Though everyone there is playing the Point of Existence mod lately, so grab that.
 
 
Alex's Grandma
22:18 / 19.09.06
Sims 2 - I'd murder the bastards.

I dare say the Sims that ... friends of mine are involved with will got to heaven when they die, because they have lived in hell.

But presumably it's possible to have them abducted by aliens in the meantime ...? Thoughts on how to drag Bob and Betty under, in a way they won't easily recover from - killing them, quite obviously, is not enough.
 
 
Janean Patience
09:49 / 23.09.06
Finished The Punisher with only a little light cheating and I'm glad it's over. Before I played the game I'd read the first couple of Punisher MAX hardbacks, and I was beginning to feel like Frank Castle. Knee-deep in gore, sick and addicted to death, inwardly waiting for my only possible salvation, the bullet between the eyes that would end my eternal punishment once and for all.

Perhaps that's why, when I switched to FarCry Instincts, I didn't do very well. Or perhaps I'm just not very good at it. Confident of my ability to master any FPS quickly, I crash through the jungle and get my ass shot off by soldiers. So I start again, creep around, get spotted and get shot. I lay branch traps and blunder into them. I try to be stealthy and fail. I feel like me let loose on a tropical island full of soldiers, not some ex-Special Forces dude who can handle it. Is this how it's meant to be? Should my stealth be working?

Anyway, I've turned to Prince of Persia: Sands of Time instead, kindly recommended by somebody upthread, and I'm loving it. My platform game skills are flooding back, and it's got that atmosphere, that dude's voice, a sense of elegance and gaming for gaming's sake I've missed without knowing it. Plus you can reverse time, how cool is that? And I don't have to kill people. I don't ever need to line my sights up on the back of a man's head, watching his brains explode when I squeeze the trigger. Like she said in that dreadful Dracula movie, take me away from all this death.
 
 
Phex: Dorset Doom
10:50 / 23.09.06
Alex- here's a tip for creating SPOOOOKY MAYHEM in The Sims 2: build a simple 4x4 box- no windows and just one door. Build some Sims, as many as you like, and put them in the house. Once they're all inside your box delete the door, trapping them. Watch them die of starvation in puddles of their own waste. Next, use the same lot to build a decent house and move a family in- the ghosts of the previous tenants will still be haunting the site, leading to all sorts of supernatural shennanigans.
 
 
Triplets
11:47 / 23.09.06
Phex = Jigsaw. Trufacks.
 
 
STOATIE LIEKS CHOCOLATE MILK
13:12 / 23.09.06
I know it has a thread of its own, but for sheer all-out brutality and mayhem Dead Rising takes a lot of beating. Stick a shower head in a zombie's face and watch him stumble around as a fine mist of blood comes from the nozzle... you really won't regret it.
 
 
Janean Patience
16:27 / 01.10.06
Exactly at the halfway mark in Prince Of Persia. After a conversation about the game while drunk last night, I'm now calling him the Sultan of Swing.
 
 
Axolotl
09:32 / 02.10.06
I have recently returned to Civ 3. It's worse than crack. I lost an entire weekend to it: You tell yourself just one more turn and the next thing you know it's 2 in the morning and you've been playing it for 10 straight hours and haven't had anything to eat. Having realised this, still you tell yourself: OK just one more turn then I'll go to bed.
 
 
Alex's Grandma
14:54 / 08.10.06
Phex;

Cheers for the heads-up. Chez here, one of the Sims is currently in the middle of a lingering, sordid, but also somehow strangely beautiful, voyage to the next world.

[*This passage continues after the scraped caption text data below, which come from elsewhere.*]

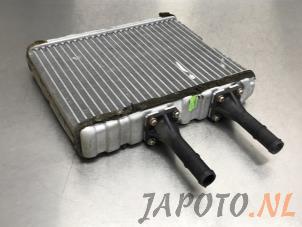 Gebruikte Chaufage Radiateur Nissan Almera (N16) 1.8 16V Prijs € 35,00 Margeregeling aangeboden door Japoto Parts B.V.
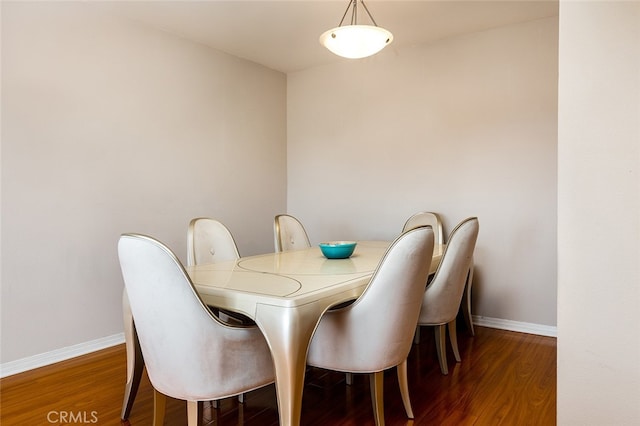 dining area with dark hardwood / wood-style flooring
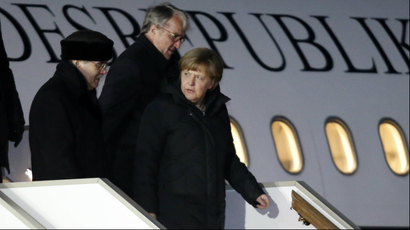 German Chancellor Angela Merkel disembarks from a plane upon her arrival at Moscow's Vnukovo airport February 6, 2015.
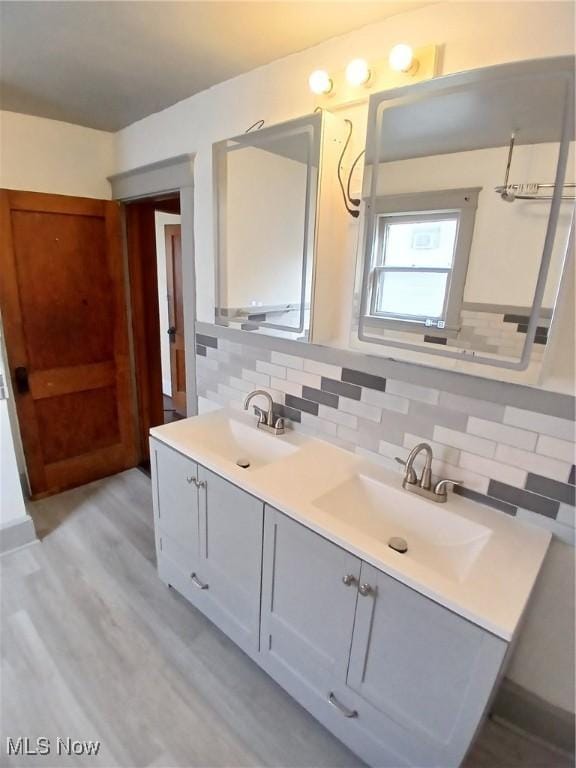 bathroom featuring vanity, hardwood / wood-style floors, and decorative backsplash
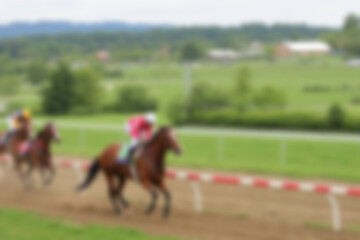 Obraz premium blurry racetrack, showing horses racing on a track with riders on them, blurry wallpaper.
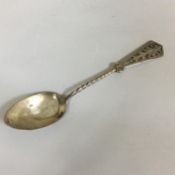 An Art Nouveau solid sterling HM silver twist stem teaspoon with ornate finial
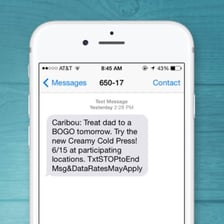 A smartphone displaying a text message with the abbreviation IMO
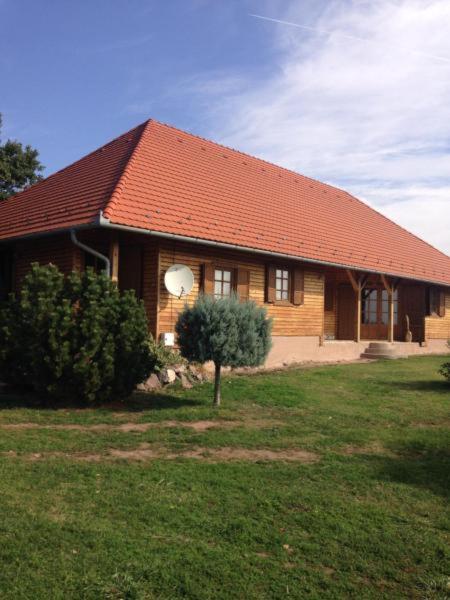 a house with a red roof and a tree in the yard at Mézesfészer apartman in Cserkút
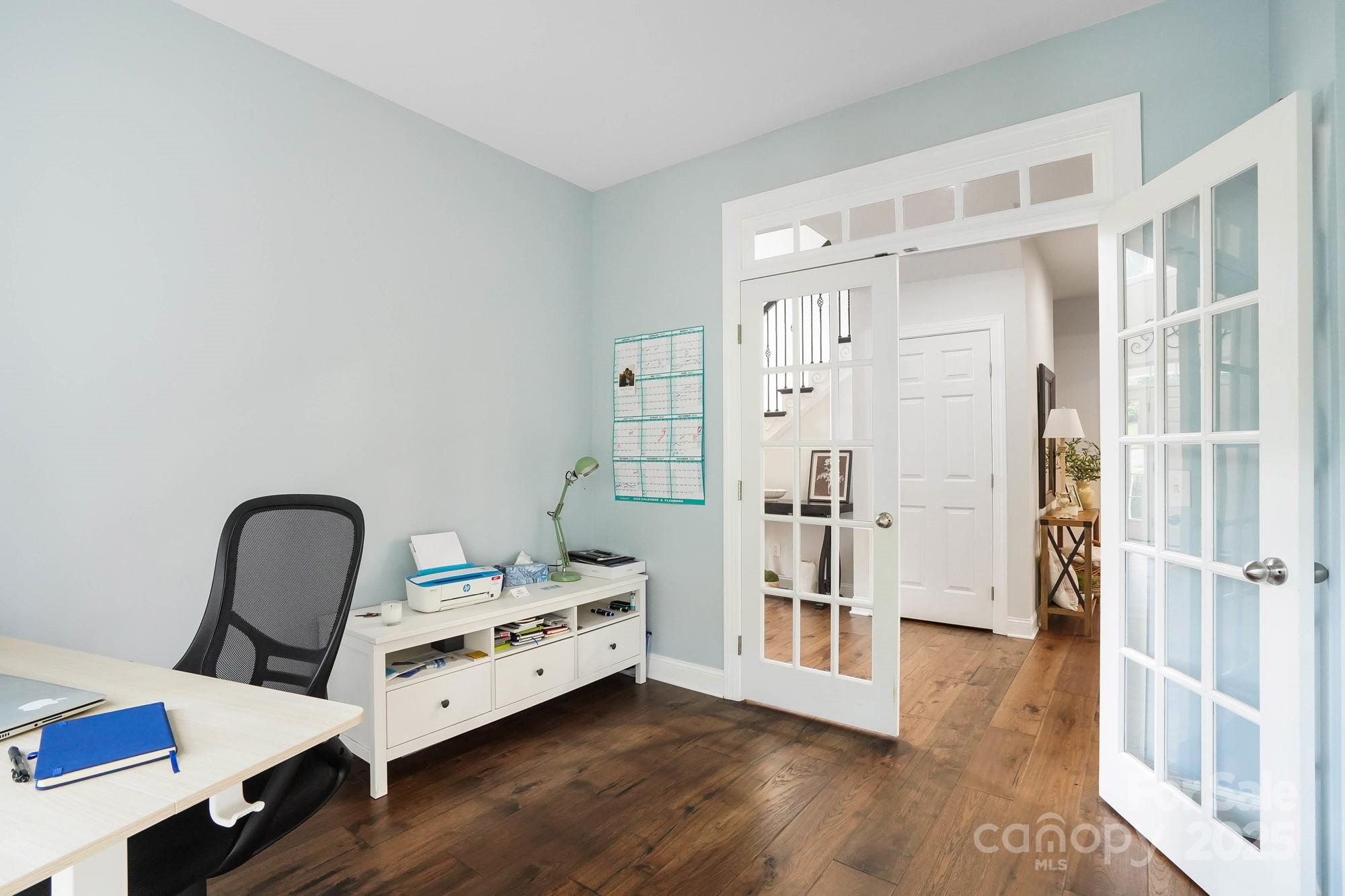 409 Stonewater Bay Mount Holly, NC 28120 - Photo 27 of 47 a room with a wooden floor and furniture
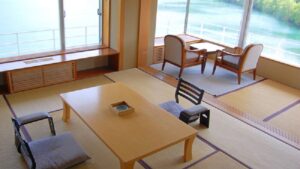 Tatami-Zimmer mit niedrigem Tisch und Stühlen am Fenster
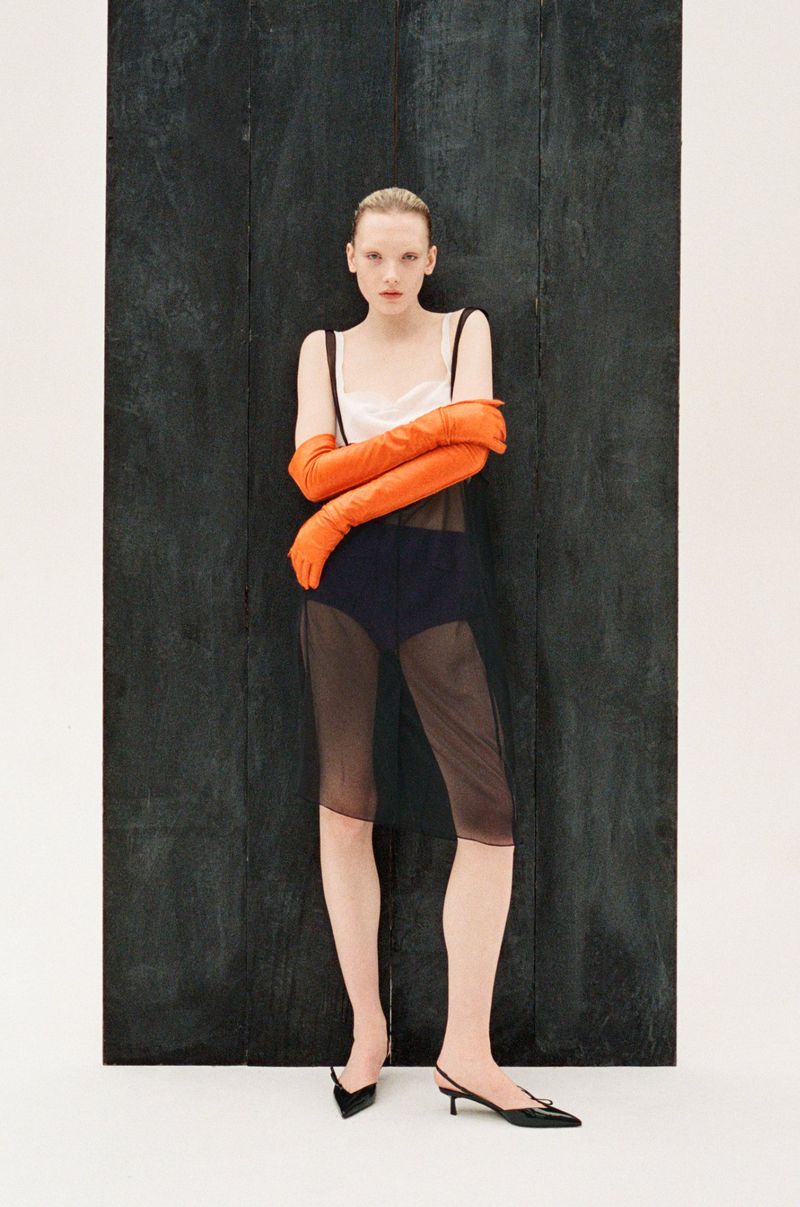 Fashion photo of a woman in a sleeveless top, dark bottoms, and orange gloves, posing against a dark wood panel and a white background.
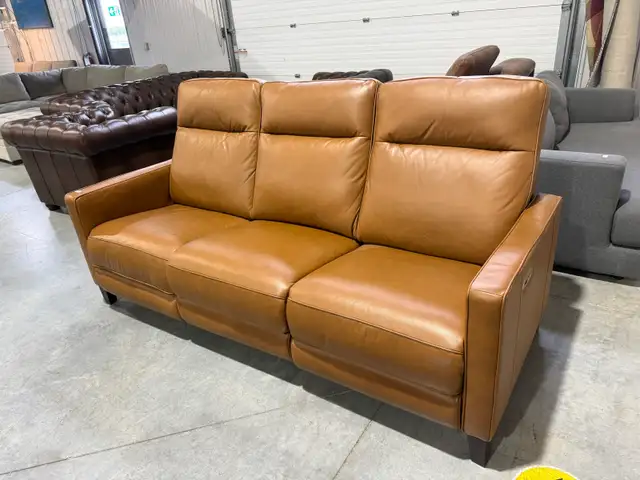 Tan leather power reclining sofa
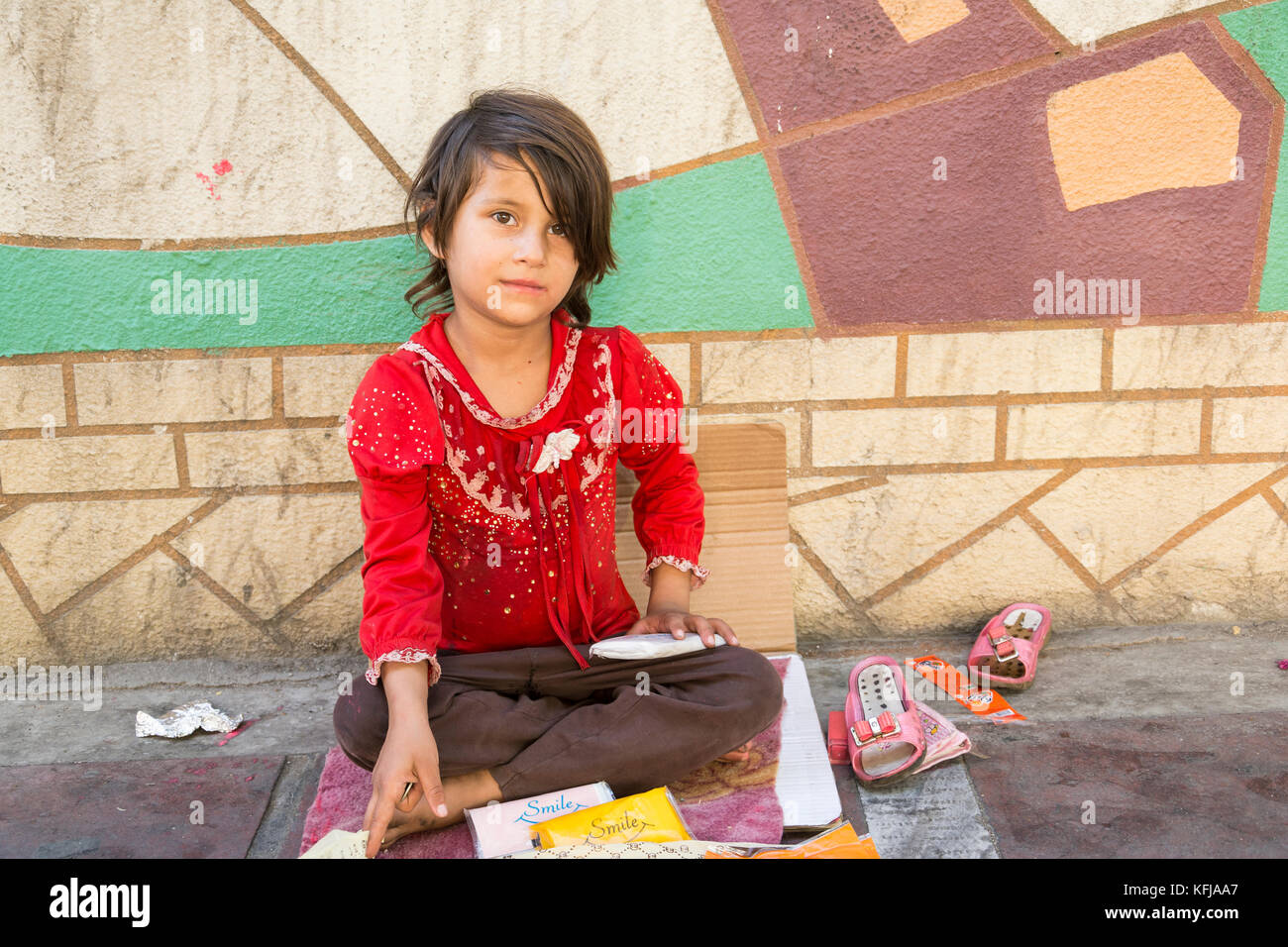 Tehran, IRAN - August 16, 2017 A little girl selling small tissue packages at street pavement Stock Photo
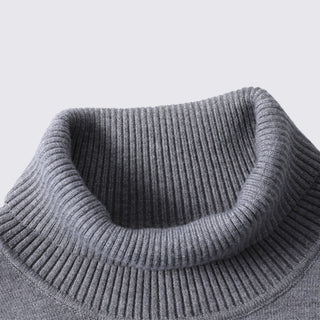 Close-up of a gray knit sweater collar on a light gray background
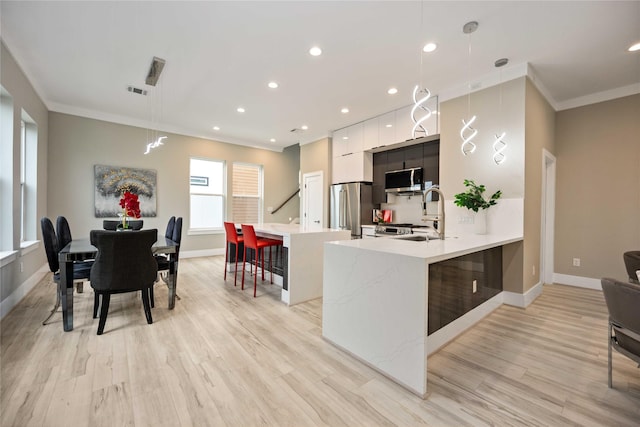 kitchen featuring sink, a kitchen bar, light hardwood / wood-style floors, hanging light fixtures, and appliances with stainless steel finishes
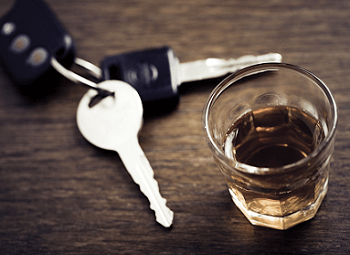 set of car keys on a dark wood table next to a glass of alcohol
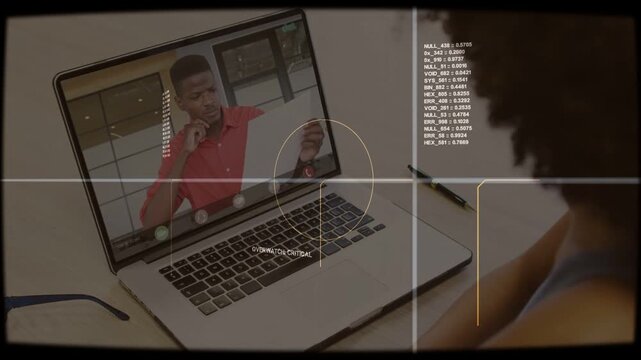 On-screen man raising object and demonstrating, woman watching, HUD centering OVERWATCH CRITICAL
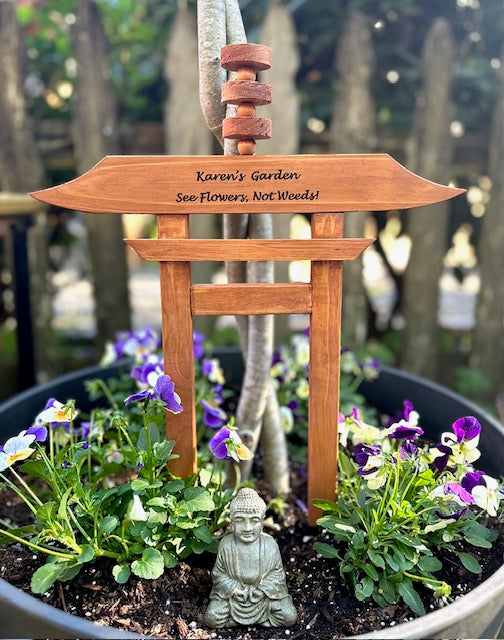 Wooden garden sign with engraved text in a pot with flowers and a small statue.
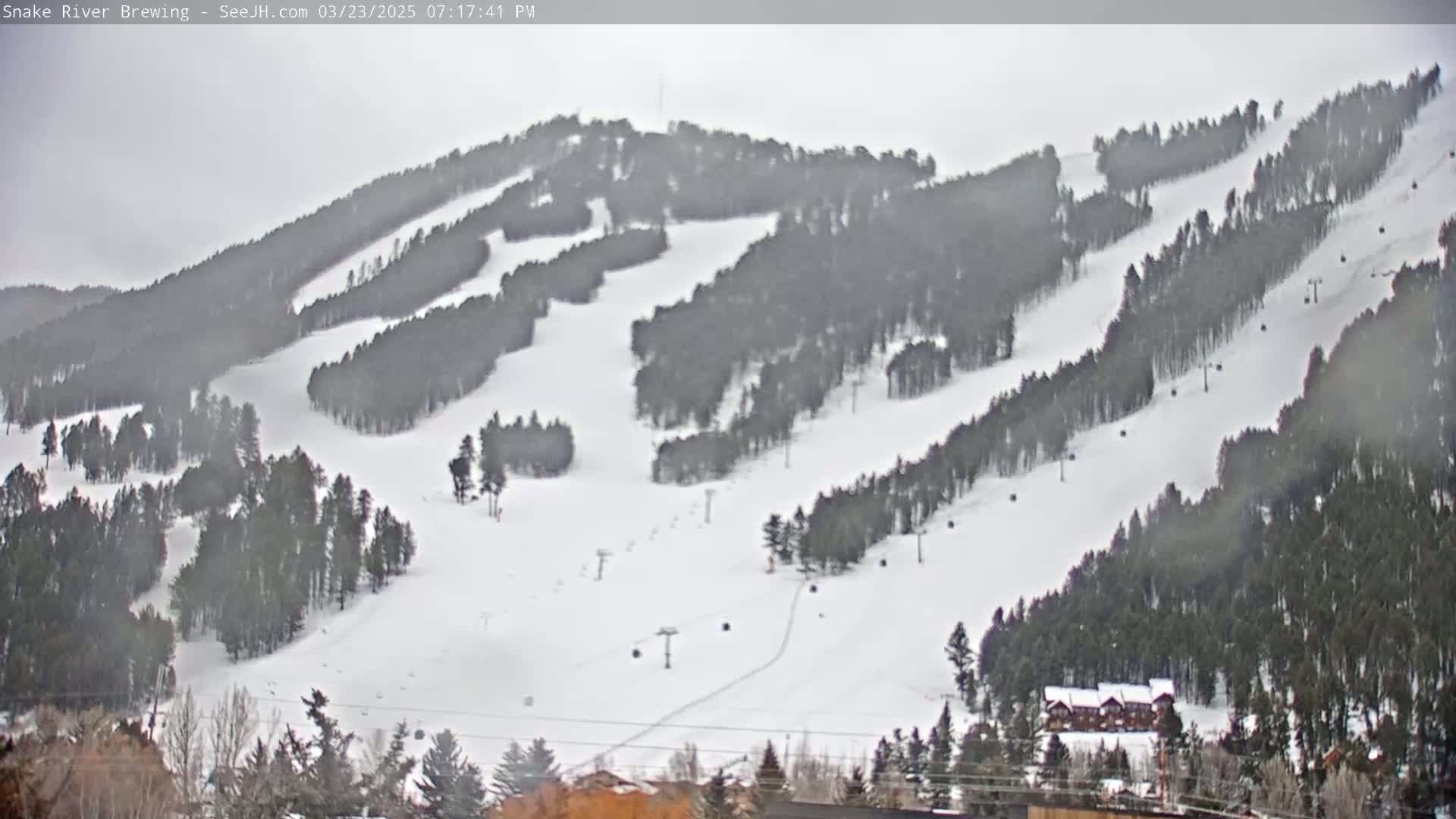 A snow-covered ski resort with several ski runs and chairlifts is visible under an overcast sky.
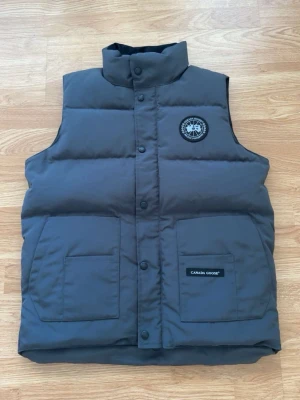 Canada Goose väst  - Grå Canada Goose Väst – Black Label 🦾⚫️            - Skick: 10/10 – Helt ny, aldrig använd och alla tags sitter kvar!                                                                        - Storlek: M                                                                      - Modell: Freestyle                                                      🚀 Snabb frakt och spårbart paket!                                           📩 DM vid köp, frågor eller om du vill ha fler bilder.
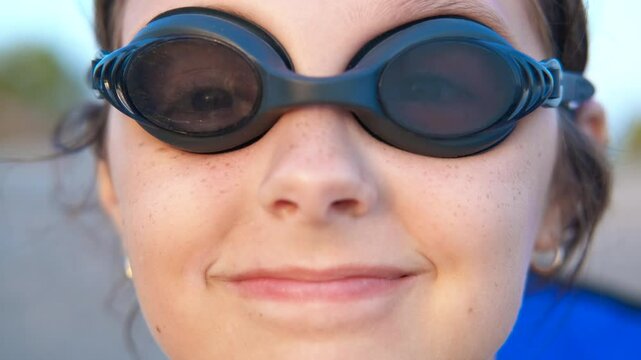 Young swimmer girl putting swimming goggles on. Portrait features a smiling caucasian teenager girl with freckles, happily putting on her swimming goggles.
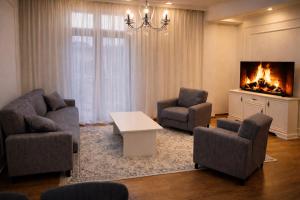 a living room with two chairs and a fireplace at Chill House in Kutaisi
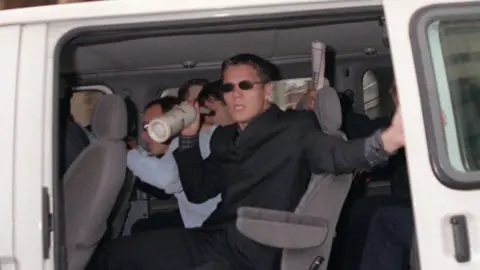 PA Jamie Acourt, one of the five named suspects of killing black teenager Stephen Lawrence, leave after giving evidence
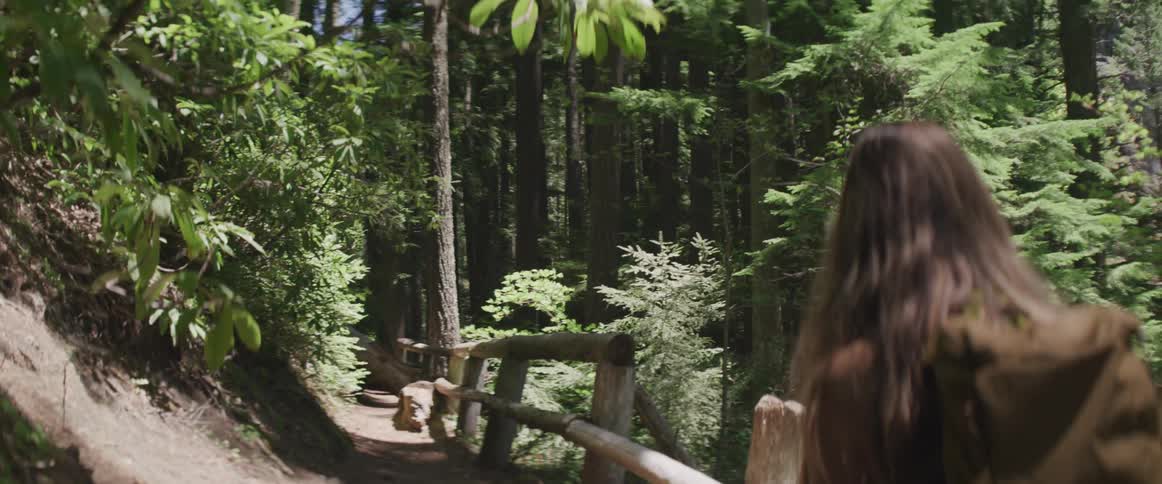 A woman in a vest with a backpack walks through a forest path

It's so, erm ... compelling to watch that I'm now thinking of pitching a vid game ('Celebrity Guantanamo Baywatch') whereby Chris Evans and his ilk would appear in the torture camp with plans to better themselves (or at least their CelebDaq score) and be viciously maimed, mocked and buggered by David Hasselhoff and Erika Eleniak. If they were lucky. I think it has legs!!11! - unlike the contestants would have, given a few days.

UPDATE:
Out trapped Sim, having wet himself, become desperately lonely and sleep deprived, managed to escape by going to "visit some friends" - alas, not the ones in the vale beyond.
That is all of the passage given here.